*** Opening INFORMATION SUPPLIED ***

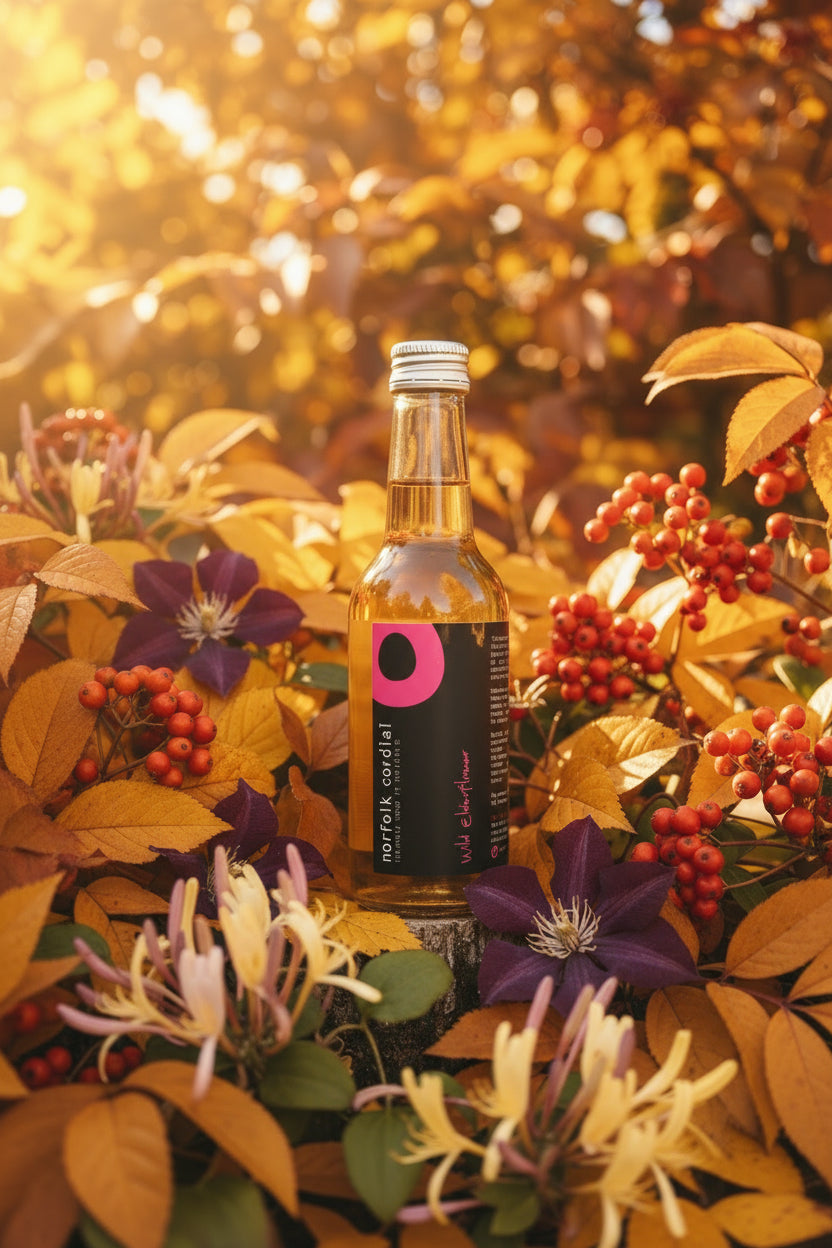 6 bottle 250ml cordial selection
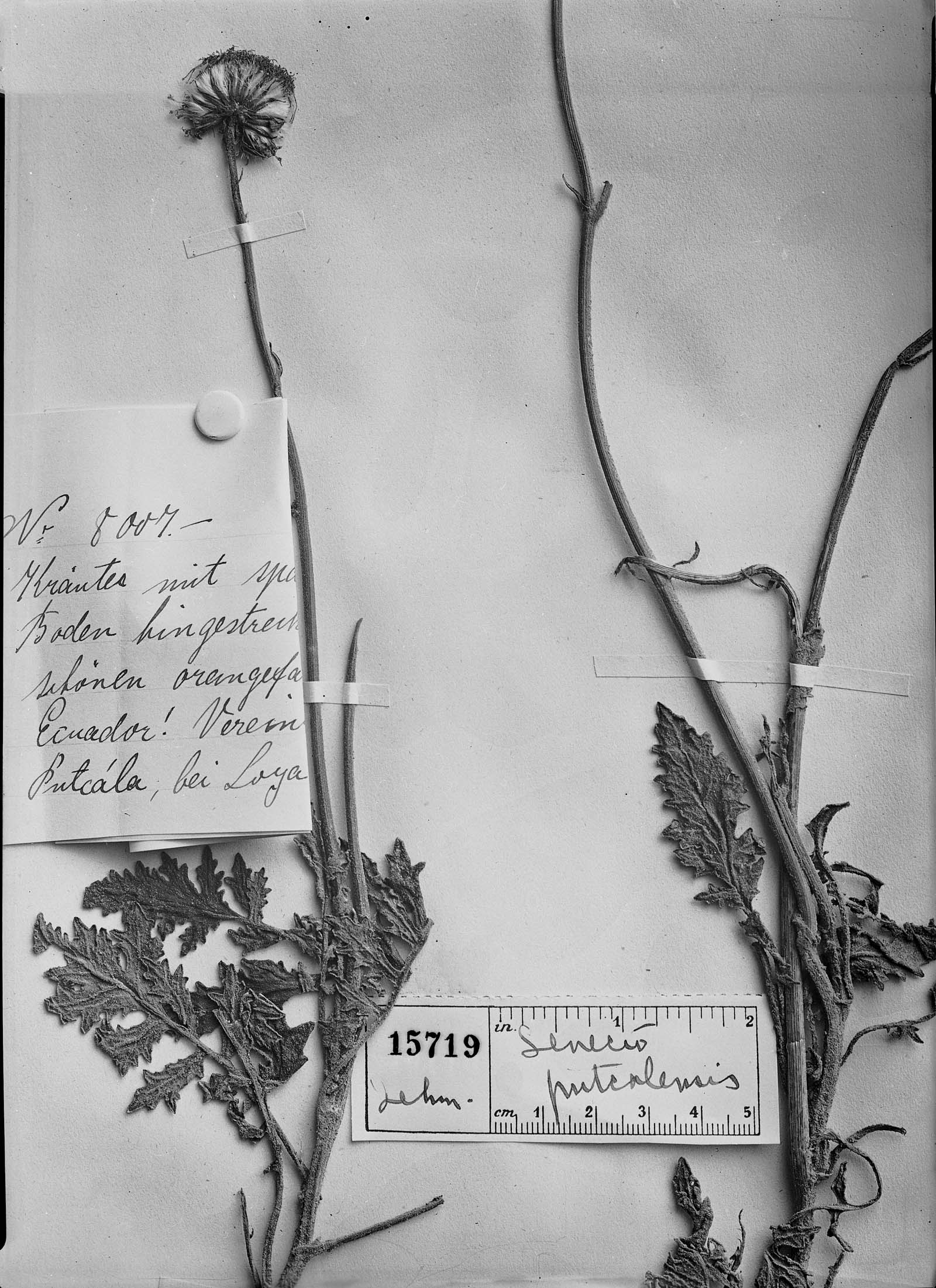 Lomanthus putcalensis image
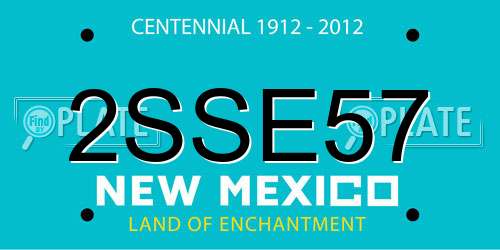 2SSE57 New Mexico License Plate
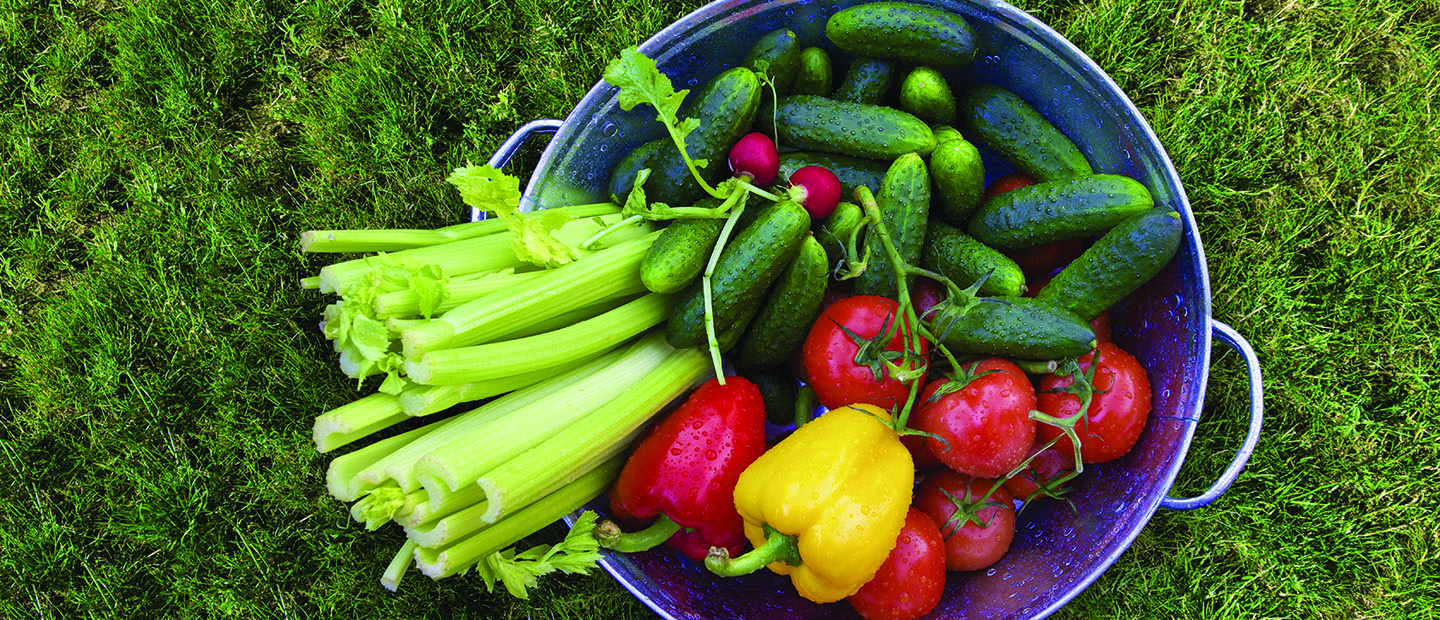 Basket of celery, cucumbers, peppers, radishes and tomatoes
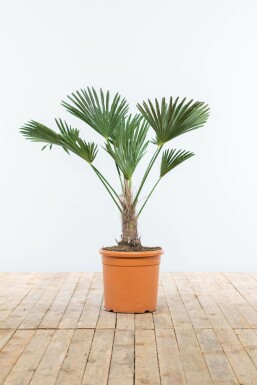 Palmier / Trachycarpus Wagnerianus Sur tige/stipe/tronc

*** Closing INFORMATION SUPPLIED ***

Where the line with "Basket of celery, cucumbers, peppers, radishes" appears, begin there and transcribe exactly through the last line of the data, leaving all pictures aside.

 Basket of celery, cucumbers, peppers, radishes and tomatoes
 Palmier / Trachycarpus Wagnerianus Sur tige/stipe/tronc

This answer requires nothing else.